In-Order Traversal (BST)

Recurse left, visit(node), recurse right. On a binary search tree, this emits values in ascending order — a useful invariant to teach.

Algorithm

Canonical tree 4(2(1, 3), 6(5, 7)) is a balanced BST. In-order traversal yields [1, 2, 3, 4, 5, 6, 7].

Basic Implementation

basic.js 
class TreeNode {
    constructor(value, left, right) {
        this.value = value;
        this.left = left === undefined ? null : left;
        this.right = right === undefined ? null : right;
    }
}

const n1 = new TreeNode(1, null, null);
const n3 = new TreeNode(3, null, null);
const n2 = new TreeNode(2, n1, n3);
const n5 = new TreeNode(5, null, null);
const n7 = new TreeNode(7, null, null);
const n6 = new TreeNode(6, n5, n7);
const root = new TreeNode(4, n2, n6);

const output = [];
function inorder(node) {
    if (node === null) {
        return;
    }
    inorder(node.left);
    output.push(node.value);
    inorder(node.right);
}
inorder(root);
console.log(JSON.stringify(output));

Complexity

  • Time: O(n)
  • Space: O(h) call stack

Implementation notes

  • JavaScript: a small class TreeNode holds value, left, and right.
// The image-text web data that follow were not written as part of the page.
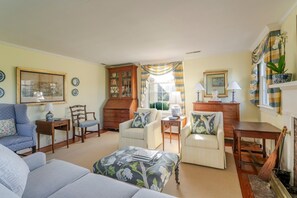 Televisión, chimenea y libros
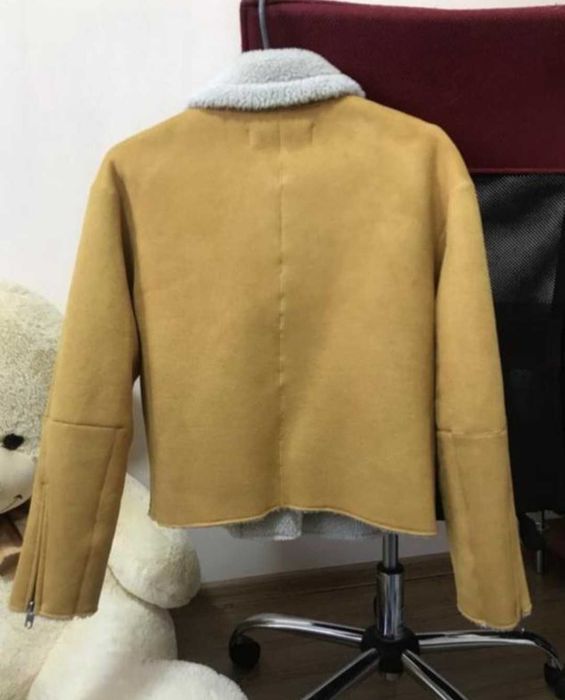 Жіноча яскрава коротка дублянка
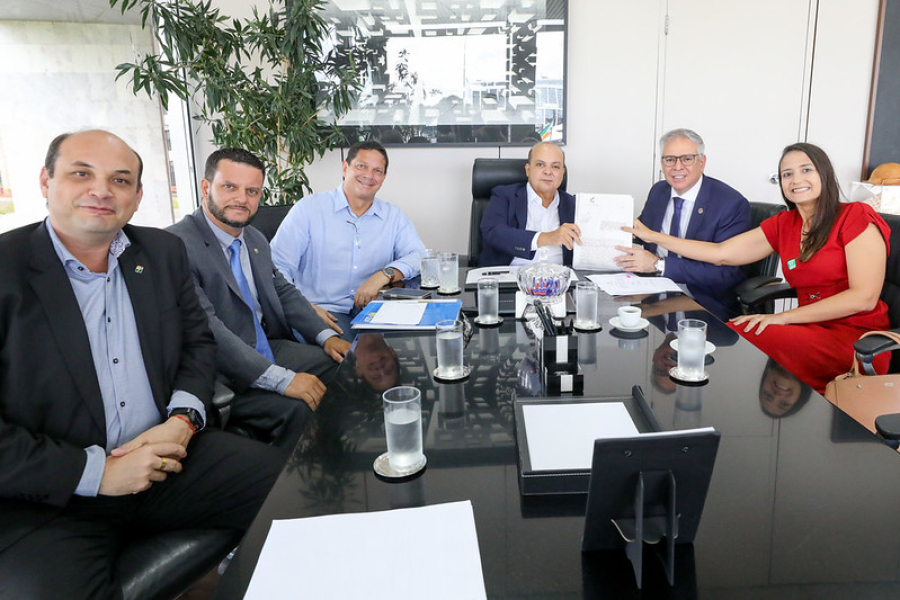 Ibaneis garante uso ao Clube da Advocacia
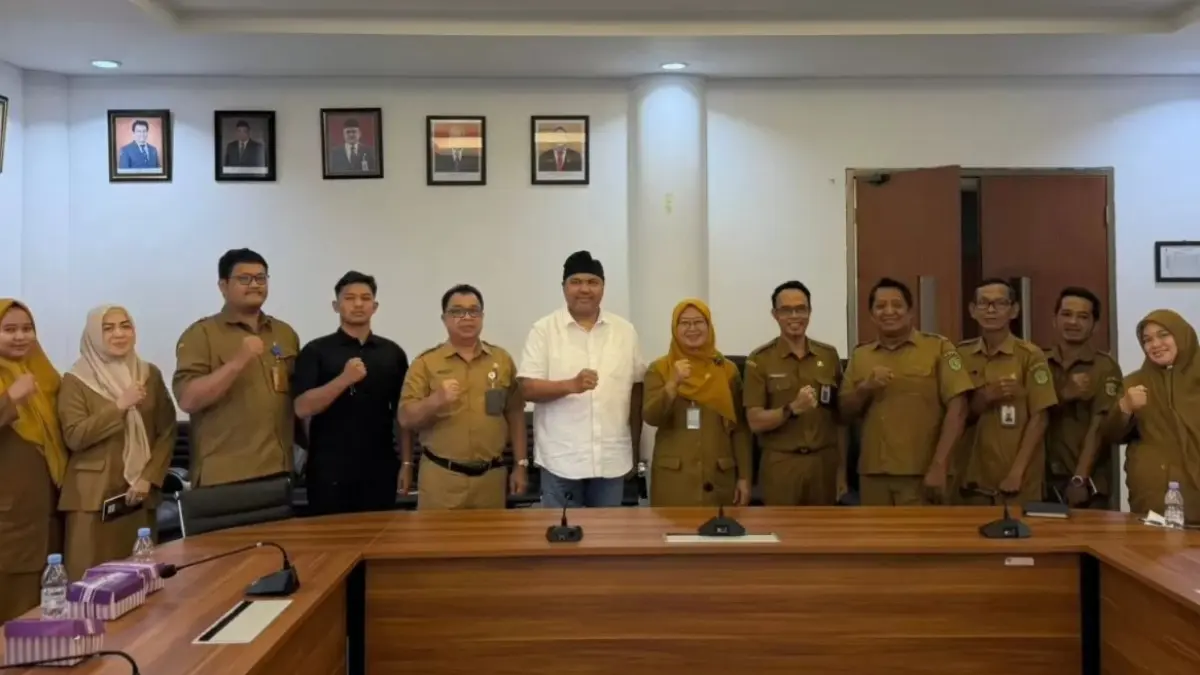 KERJASAMA: Ditresnakroba Polda Kaltim dan Dinas PPUKUKM kolaborasi strategis untuk memperkuat pengawasan terhadap peredaran minuman beralkohol, obat-obatan tertentu.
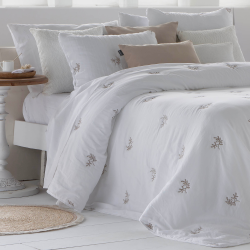 COLCHA BOUTI MODELO AMALIA DE FUNDECO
The recursion is the smallest possible reusable shape.
  • The replay shows the running output array and the visited node value on each visit frame.
in-order recursion `inorder(node.left); output.push(node.value); inorder(node.right);`
BST invariant The same recursion on a binary search tree always emits values in ascending order.